Comedian and actress, Monique Angela Hicks, known professionally as Mo’Nique, won a small victory is her pending lawsuit against streaming giant Netflix, according to Deadline.
The streaming company was trying to get the suit thrown out but California’s Central District Court ruled late last week that Mo’Nique’s discrimination lawsuit against Netflix can move forward. Judge Andre Birotte Jr. stated that “Mo’Nique plausibly alleges that, after she spoke out and called her initial offer discriminatory, Netflix retaliated against her by shutting down its standard practice of negotiating in good faith that typically results in increased monetary compensation beyond the ‘opening offer’ and denying her increased compensation as a result.”
As previously reported, the suit says that Netflix offered her the sum of $500,000 to do a one-hour comedy special, yet, she complains that the price is a substantial difference from the multimillion-dollar deals it has given to some of her counterparts like Jerry Seinfeld, Amy Schumer, Dave Chappelle, Chris Rock, and Ellen DeGeneres.
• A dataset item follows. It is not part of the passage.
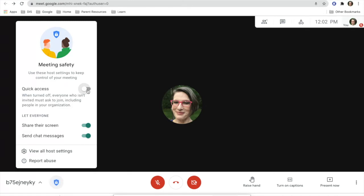You will be able to choose where you allow everyone in at once. Also, you get to decide whether people can share their screen or send chat messages.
She’s suing Netflix for unspecified damages and for an injunction forcing the company to change its discriminatory policies. The lawsuit is for race and gender discrimination.
“While Netflix argues that the novelty of Mo’Nique’s claim and the absence of on-point legal authority for it should bar her retaliation claims outright, the Court disagrees,” the U.S. District Court judge also stated.
Mo’Nique’s lawyer, David deRubertis, said in a statement to USA Today that Netflix was seeking to convince the court that shutting down “good-faith negotiations because she raised concerns about pay discrimination is not retaliation under the law.”
“The court disagreed,” deRubertis said. “Today’s ruling is an important victory for Hollywood talent who, just like all other workers, need protections against retaliation if they raise concerns about pay discrimination during the hiring process.
“Employers in the entertainment industry need to take pay discrimination concerns seriously, fix them if the concerns have merit, and never retaliate against those who have the courage to speak up about equal pay.”